• **Task brief**
Please give back, exactly as written, the lines from the line with "Middle Floor Apartment" to the line with "Beechfield Engineered Knit" in the listing below, leaving out all pictures.

※ ※ ※

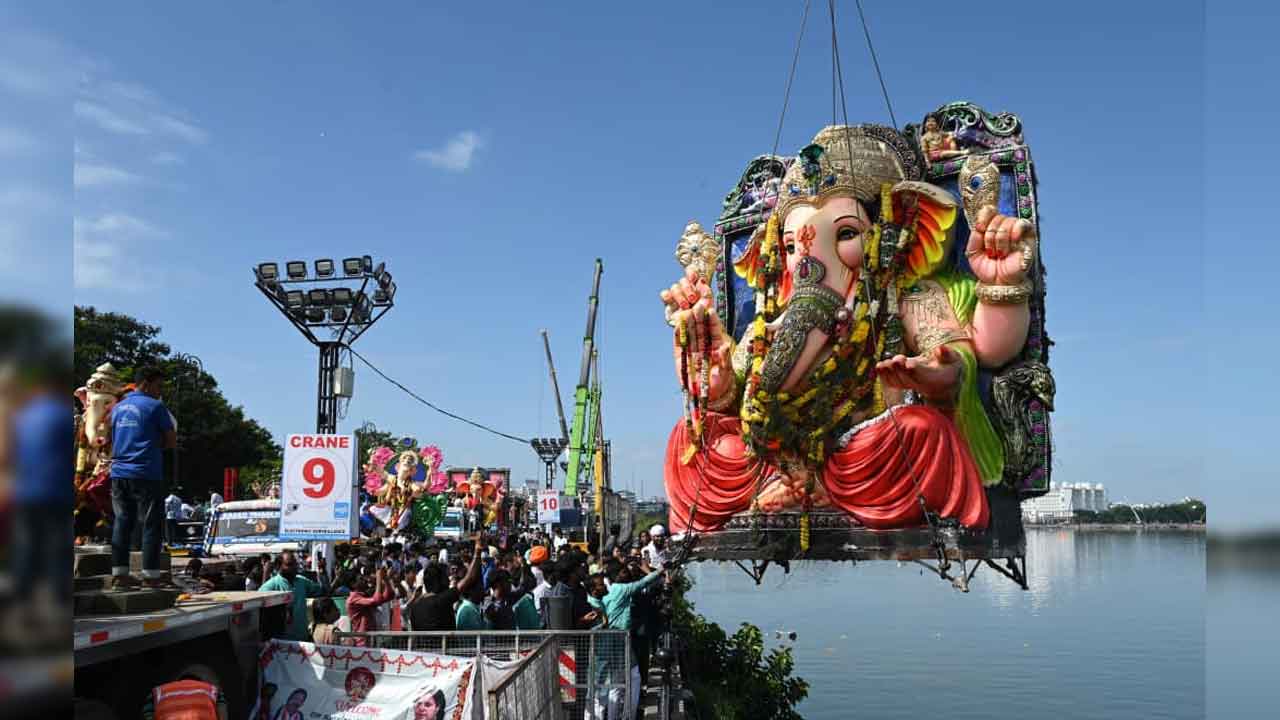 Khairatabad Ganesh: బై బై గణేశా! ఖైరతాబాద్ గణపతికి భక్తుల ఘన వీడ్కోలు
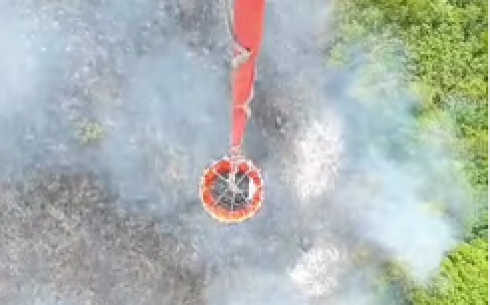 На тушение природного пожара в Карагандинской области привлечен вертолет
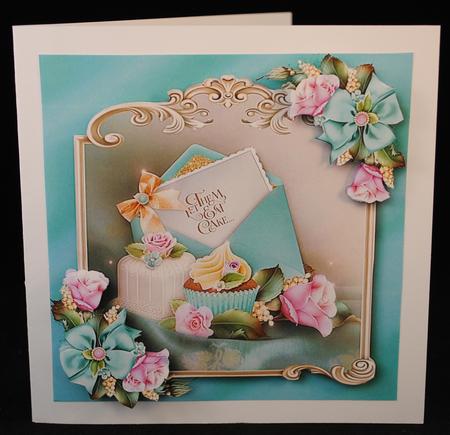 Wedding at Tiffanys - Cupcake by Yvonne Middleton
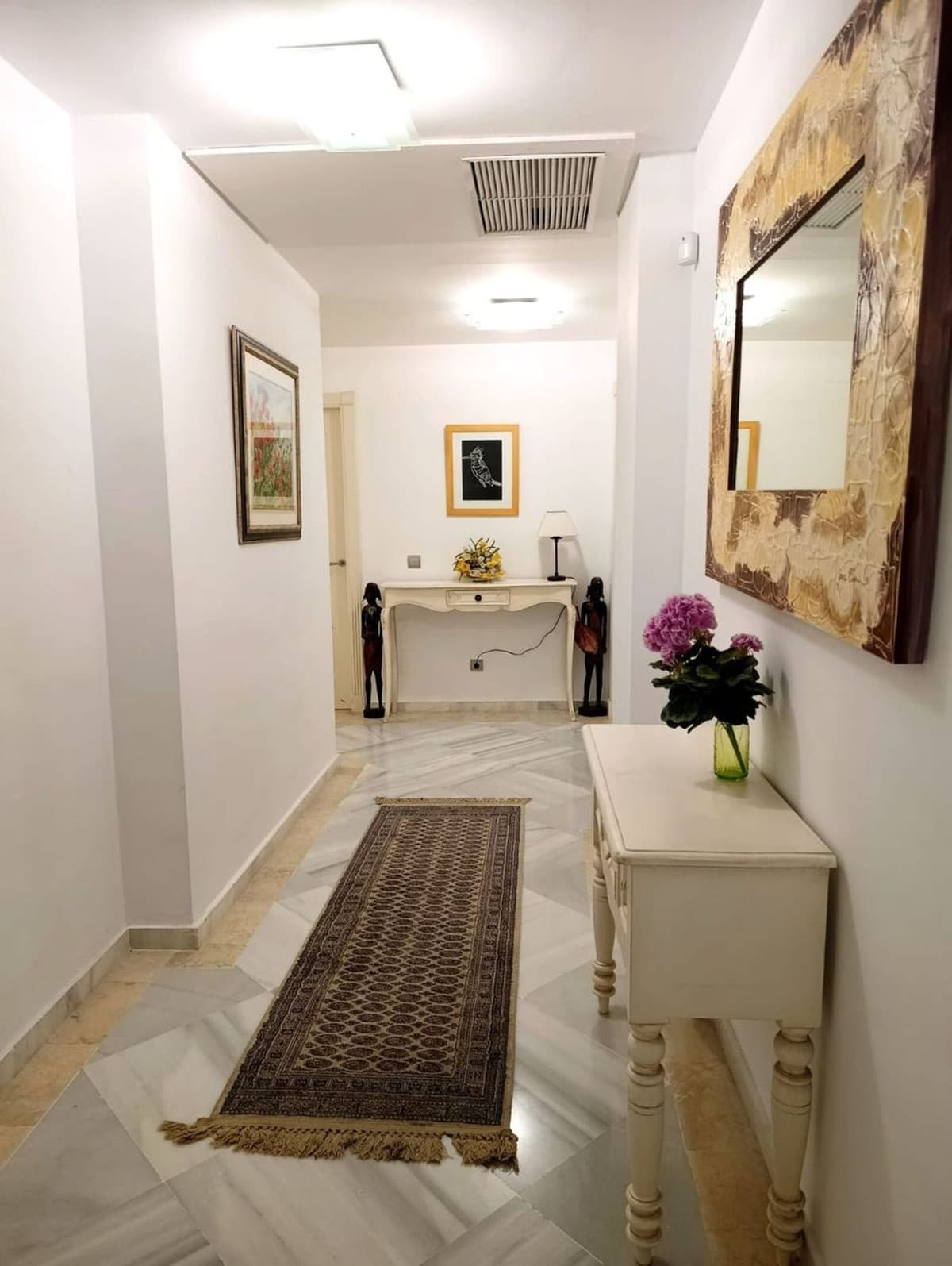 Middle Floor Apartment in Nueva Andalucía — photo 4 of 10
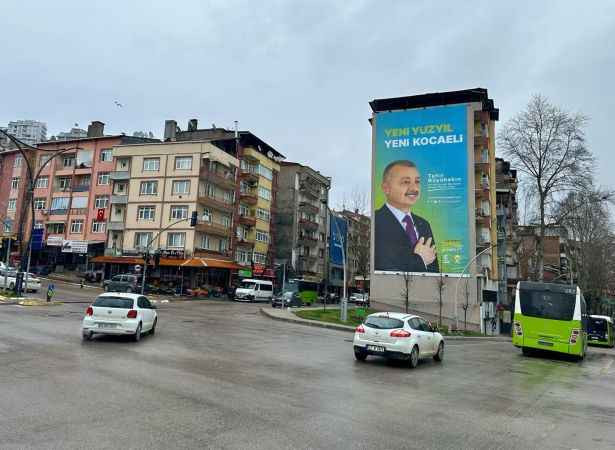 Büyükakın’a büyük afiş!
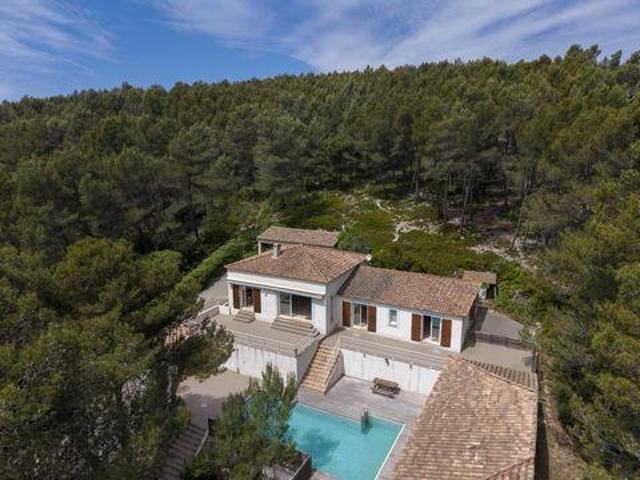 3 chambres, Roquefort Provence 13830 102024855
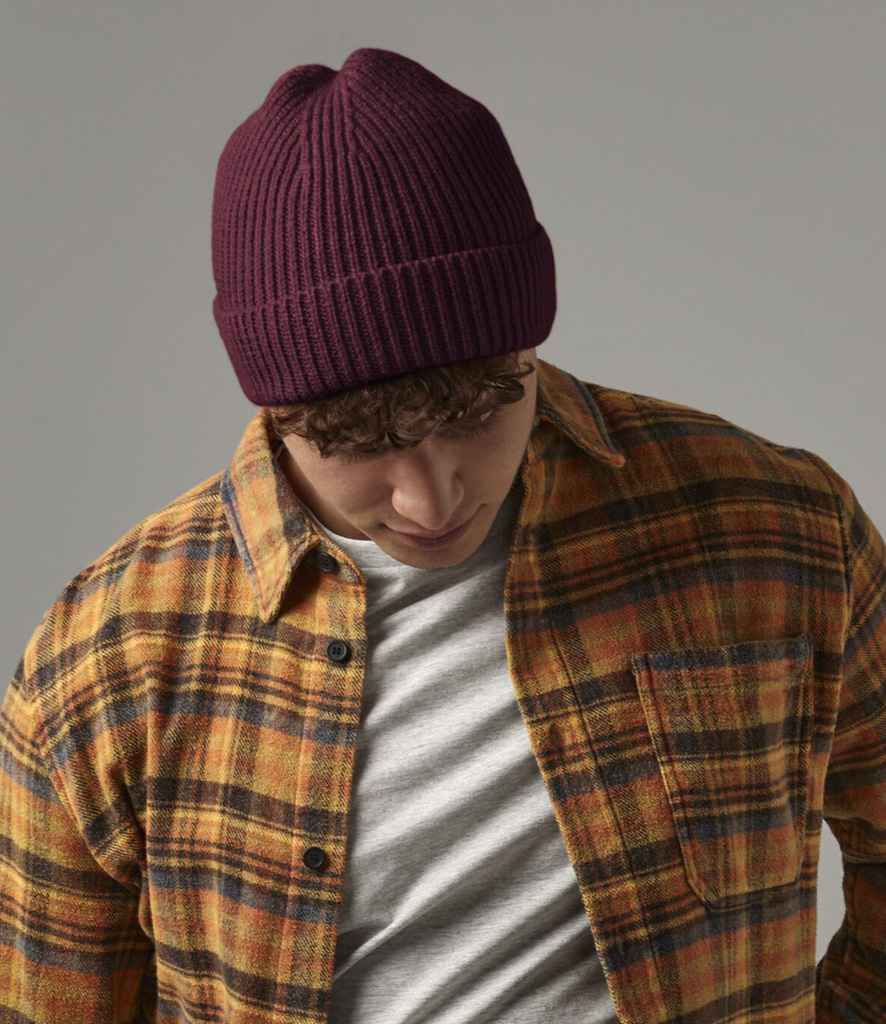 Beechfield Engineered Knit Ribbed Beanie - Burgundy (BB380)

※ ※ ※

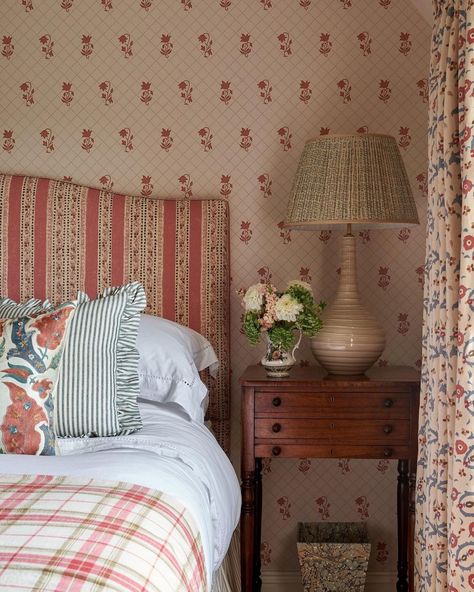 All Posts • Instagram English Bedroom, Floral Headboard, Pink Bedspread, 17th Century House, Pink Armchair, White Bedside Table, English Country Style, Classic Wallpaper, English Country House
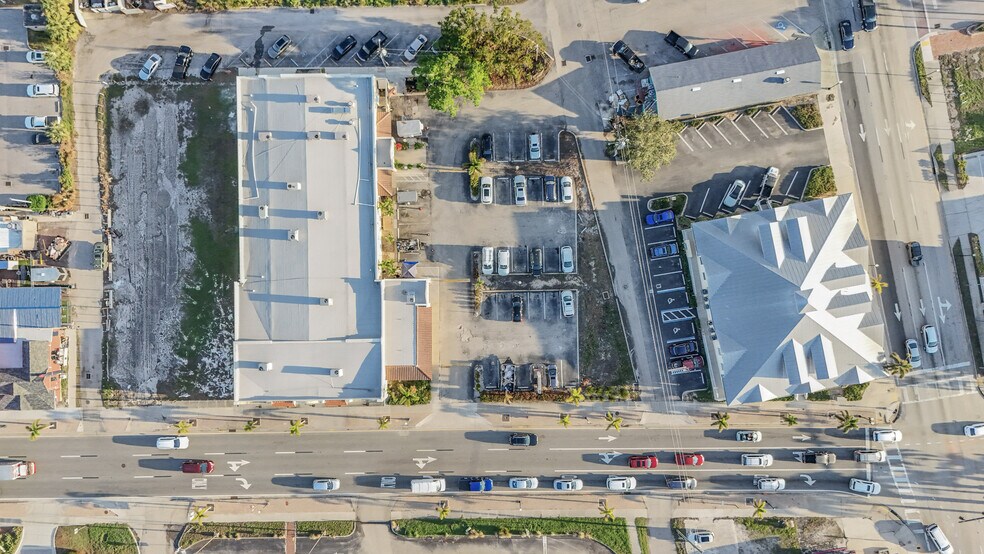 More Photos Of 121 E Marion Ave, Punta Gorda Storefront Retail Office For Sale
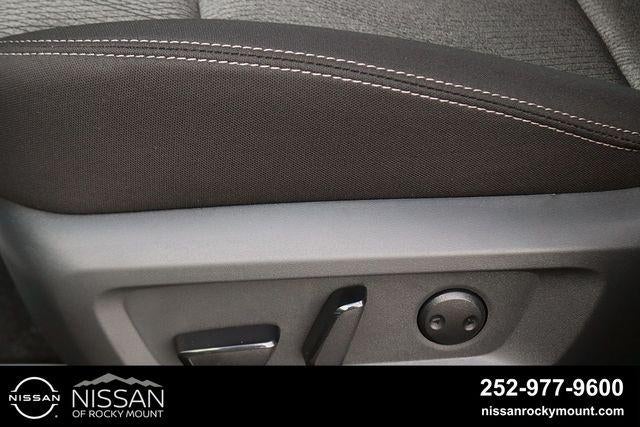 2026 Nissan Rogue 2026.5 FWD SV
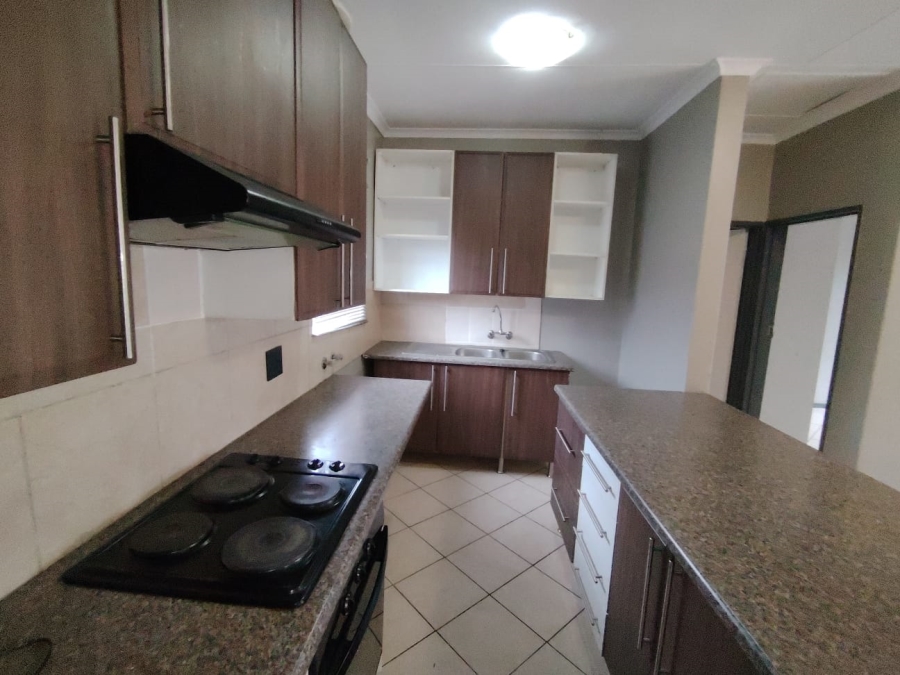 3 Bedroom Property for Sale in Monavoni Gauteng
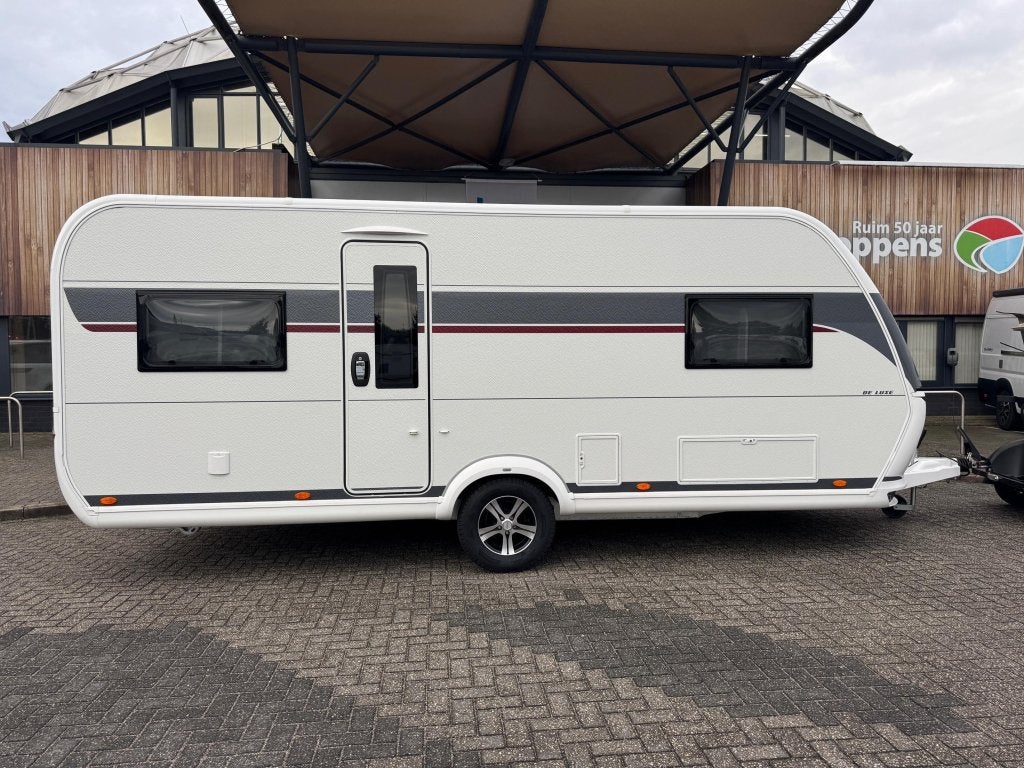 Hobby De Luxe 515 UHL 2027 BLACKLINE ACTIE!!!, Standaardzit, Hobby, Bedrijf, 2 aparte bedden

※ ※ ※

• **Solution to the problem**
 Middle Floor Apartment in Nueva Andalucía — photo 4 of 10
 Büyükakın’a büyük afiş!
 3 chambres, Roquefort Provence 13830 102024855
 Beechfield Engineered Knit Ribbed Beanie - Burgundy (BB380)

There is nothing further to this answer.